Scraping Central is reader-supported. When you buy through links on our site, we may earn an affiliate commission.

Scrapy Middleware and Pipelines

Customize Scrapy's request/response flow with middleware and process scraped data using item pipelines for validation, cleaning, and storage.

Python Scraping · #6intermediate2 min read
Share:WhatsAppLinkedIn

Middleware and pipelines are the backbone of Scrapy's extensibility.

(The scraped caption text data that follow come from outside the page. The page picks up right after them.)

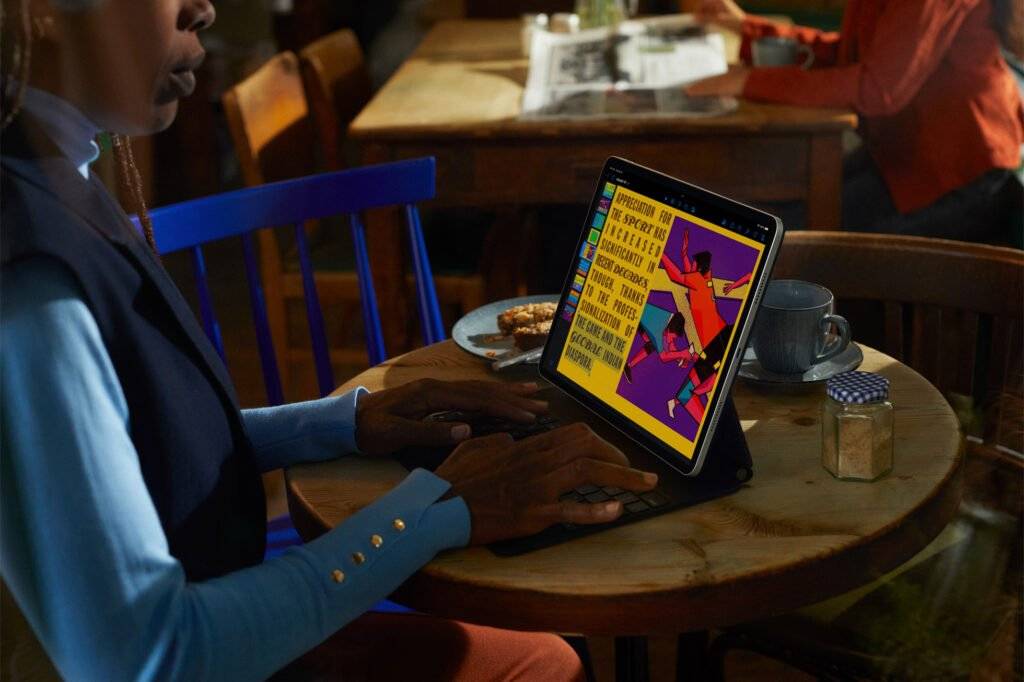 Apple-iPad-Pro-lifestyle-221018-1024x682-1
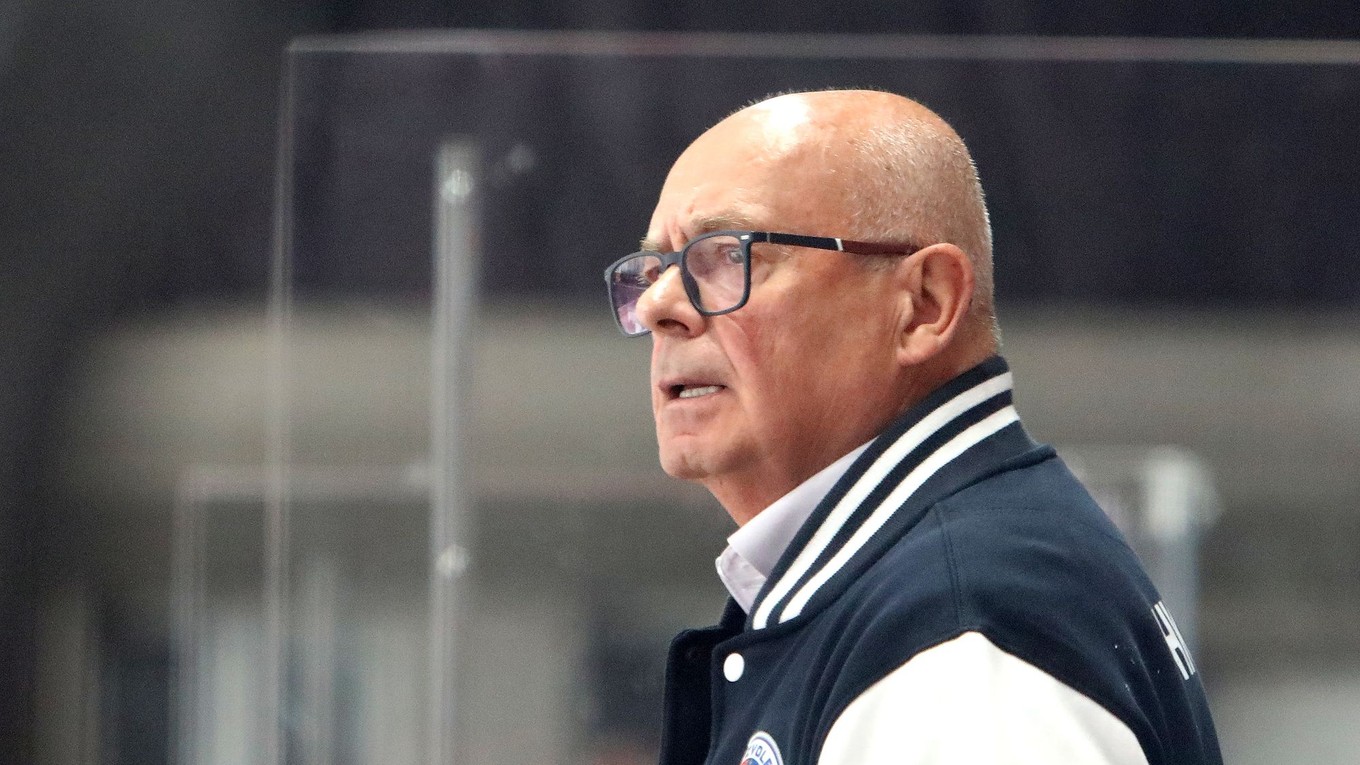 Hlavný tréner HKM Zvolen Peter Mikula.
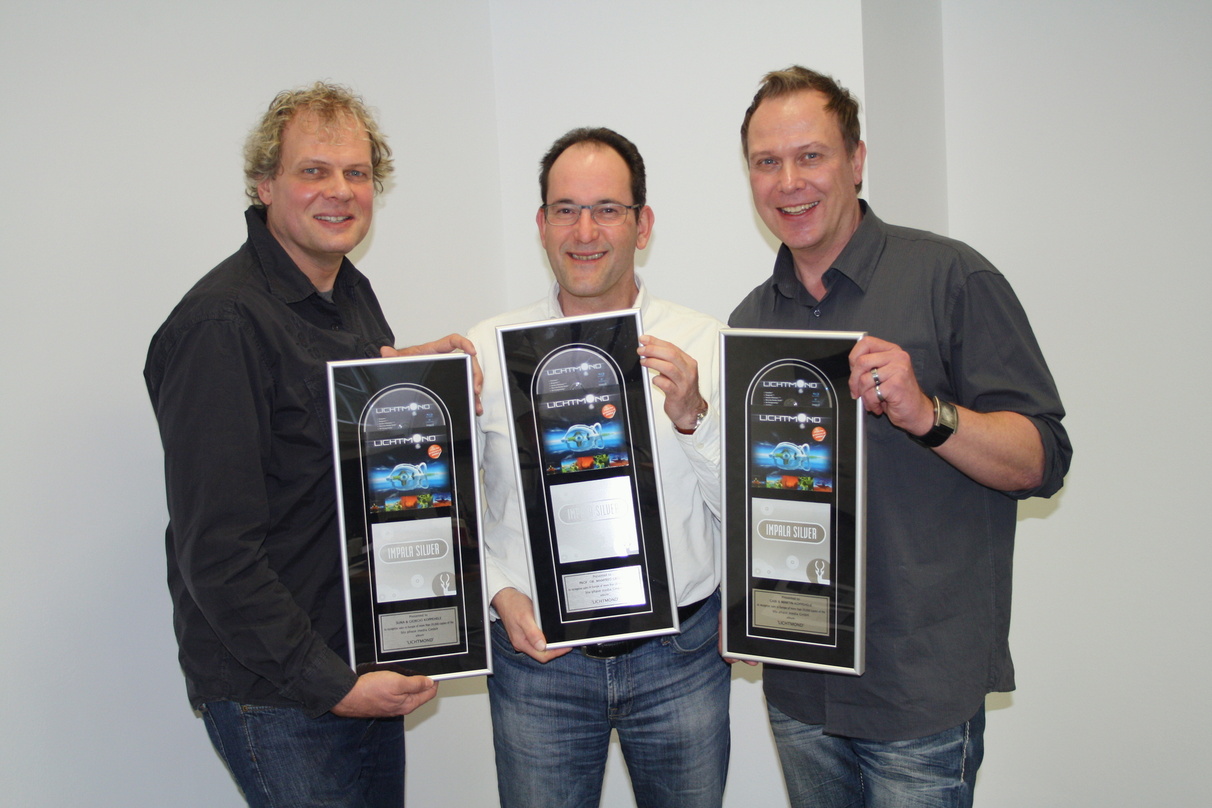 Mit einem Impala Silver Award geehrt (v.l.n.r.): Giorgio Koppehele (Lichtmond), Prof. Dr. Manfred Gröger (CEO blu phase media) und Martin Koppehele (Lichtmond)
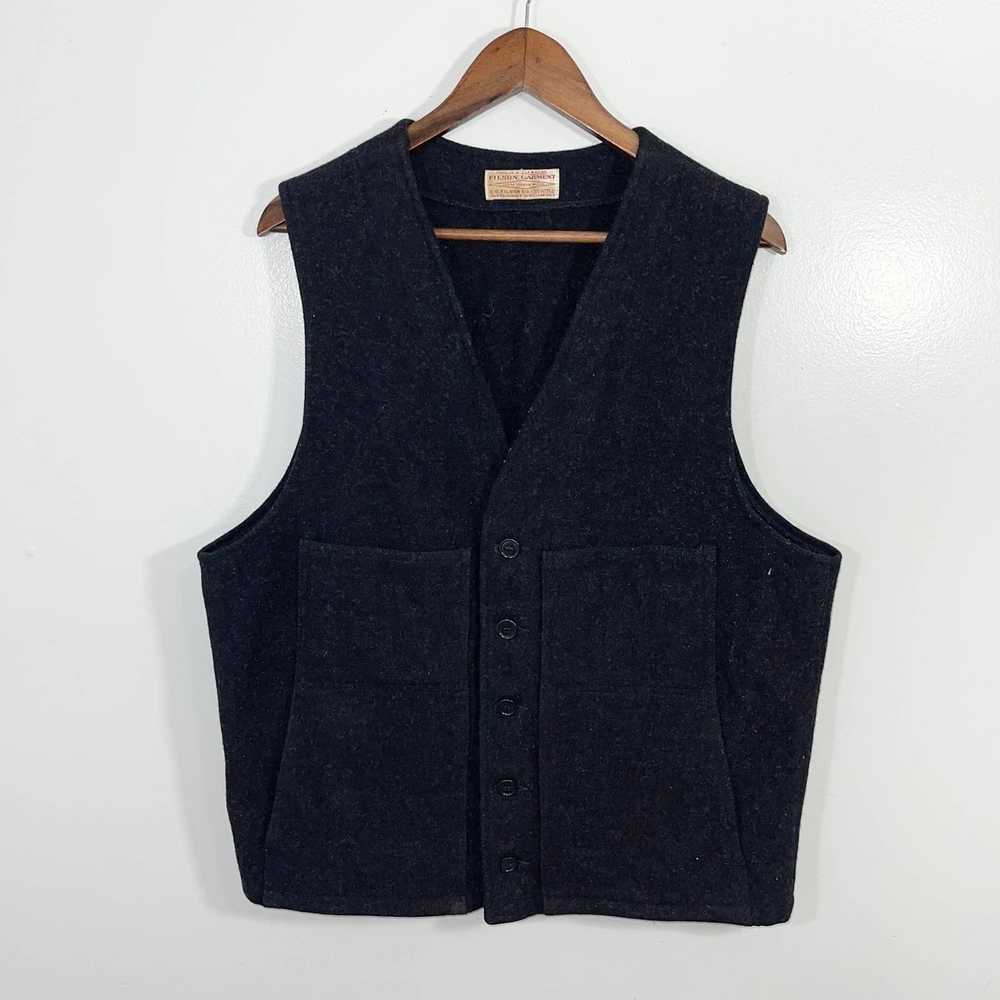 Filson VINTAGE Filson 100% Virgin Wool Sweater Ve… - image 1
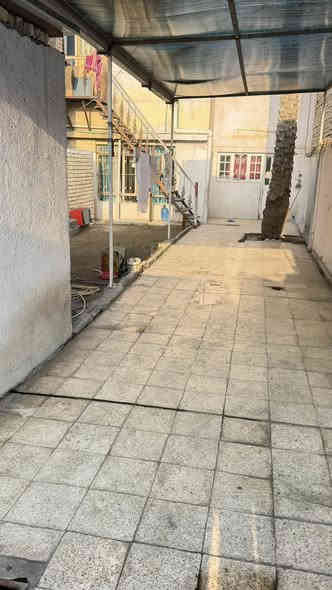 السلام عليكم ارض للبيع في حي اور ال600 محلة 325 
مساحة الارض 208 

واجهة 6 متر 

نزال 30

15 متر ويصير تداخل بي متر و90 سم موضوح بصور 

تصير واجهة الارض 7 و90 يعني 8 مترات 

لاستفسار الاتصال : 

***********
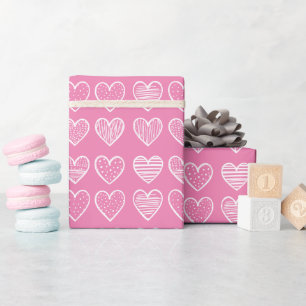 Moderne weiße Herzen auf Rosa Frohen Valentinstag Geschenkpapier
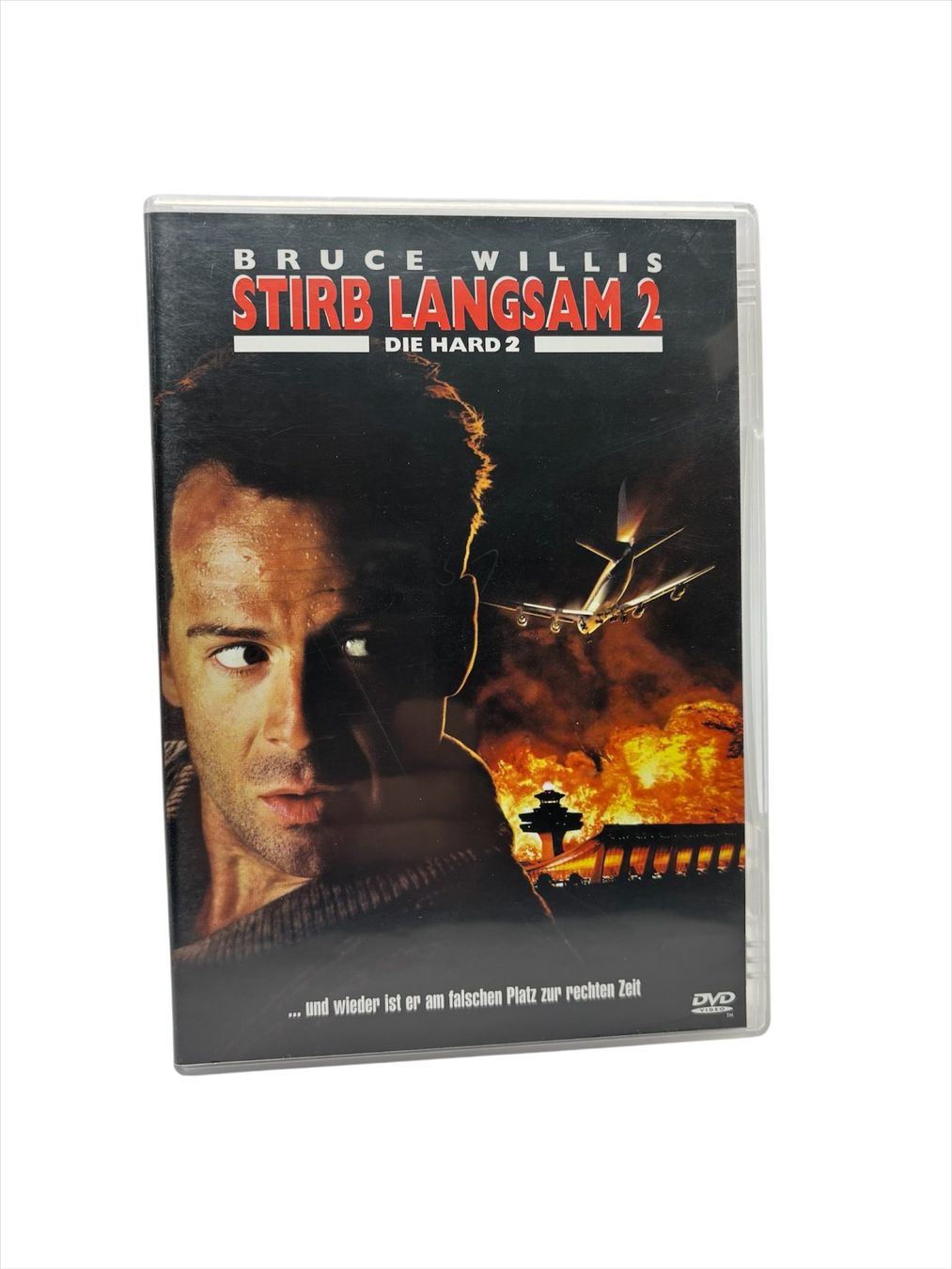 Tutti i DVDs: STIRB LANGSAM 2 - DIE HARD 2 - BRUCE WILLIS – Usato da Rickenbach SO venduto da steinerhome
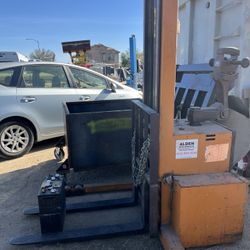 Nice Electric Fork Lift Needs Battery Have Battery For Testing 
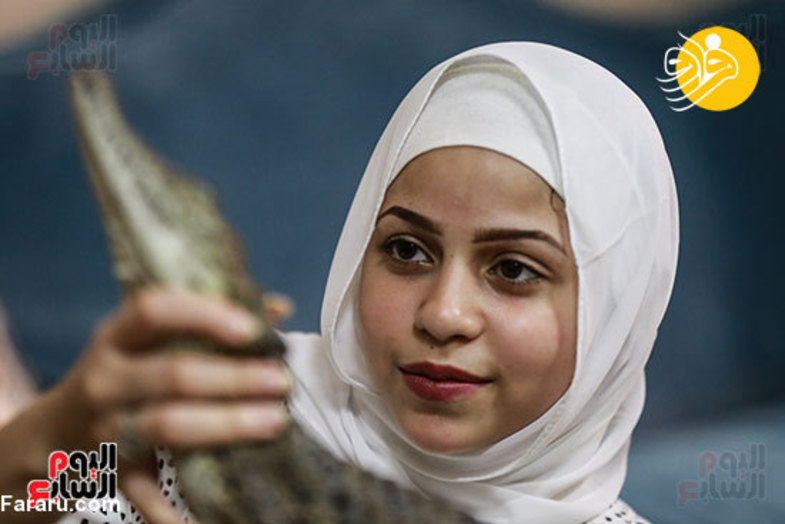 دختر ۱۵ ساله تمساح پرورش می‌دهد+عکس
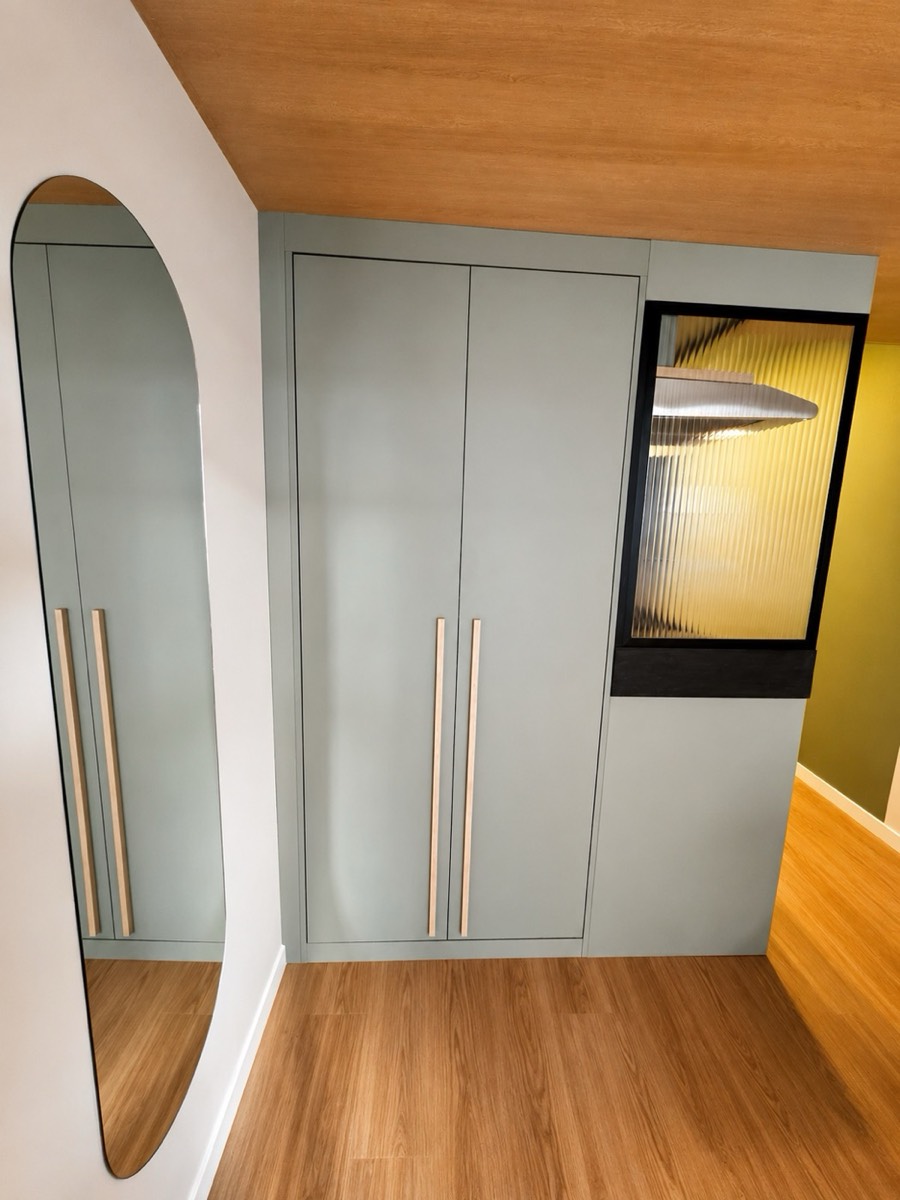 Closet fechado · espelho de corpo inteiro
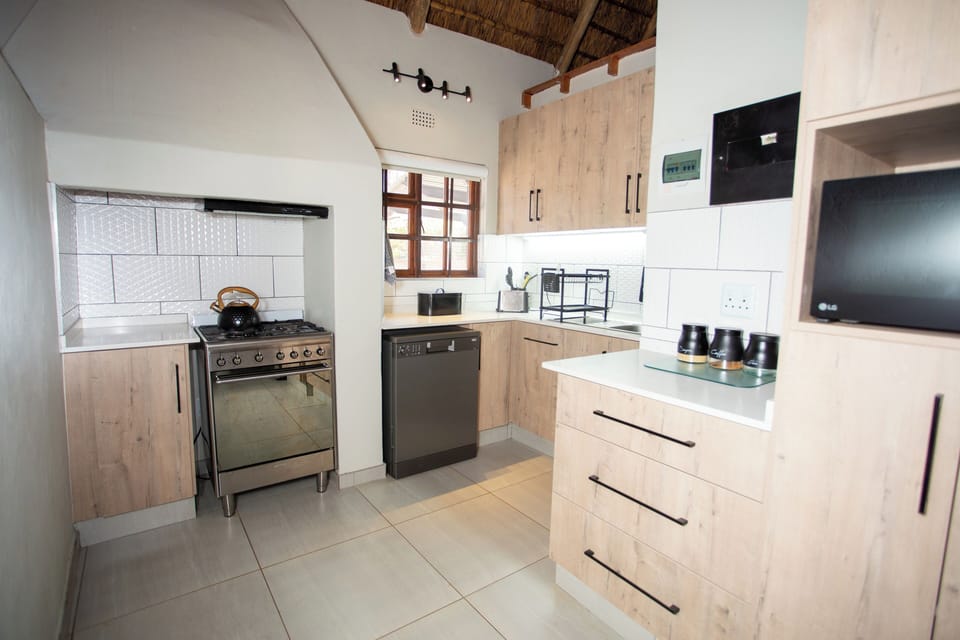 Deluxe Double Room | Private kitchen | Full-size fridge, microwave, oven, stovetop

Middleware intercepts requests and responses, while pipelines process items after extraction.

Downloader Middleware

Downloader middleware sits between the engine and the downloader, letting you modify requests before they are sent and responses before they reach your spider.

Rotating User Agents

# middlewares.py
import random


class RandomUserAgentMiddleware:
    user_agents = [
        "Mozilla/5.0 (Windows NT 10.0; Win64; x64) AppleWebKit/537.36",
        "Mozilla/5.0 (Macintosh; Intel Mac OS X 10_15_7) AppleWebKit/537.36",
        "Mozilla/5.0 (X11; Linux x86_64) AppleWebKit/537.36",
    ]

    def process_request(self, request, spider):
        request.headers["User-Agent"] = random.choice(self.user_agents)

Integrating ScraperAPI as Middleware

class ScraperAPIProxyMiddleware:
    def __init__(self, api_key):
        self.api_key = api_key

    @classmethod
    def from_crawler(cls, crawler):
        return cls(api_key=crawler.settings.get("SCRAPERAPI_KEY"))

    def process_request(self, request, spider):
        original_url = request.url
        request = request.replace(
            url=f"http://api.scraperapi.com/?api_key={self.api_key}&url={original_url}"
        )
        return request

Enable middleware in settings.py:

DOWNLOADER_MIDDLEWARES = {
    "quotescraper.middlewares.RandomUserAgentMiddleware": 400,
    "quotescraper.middlewares.ScraperAPIProxyMiddleware": 350,
}
SCRAPERAPI_KEY = "YOUR_API_KEY"

Item Pipelines

Pipelines process every item yielded by your spiders. Use them for validation, cleaning, deduplication, and storage.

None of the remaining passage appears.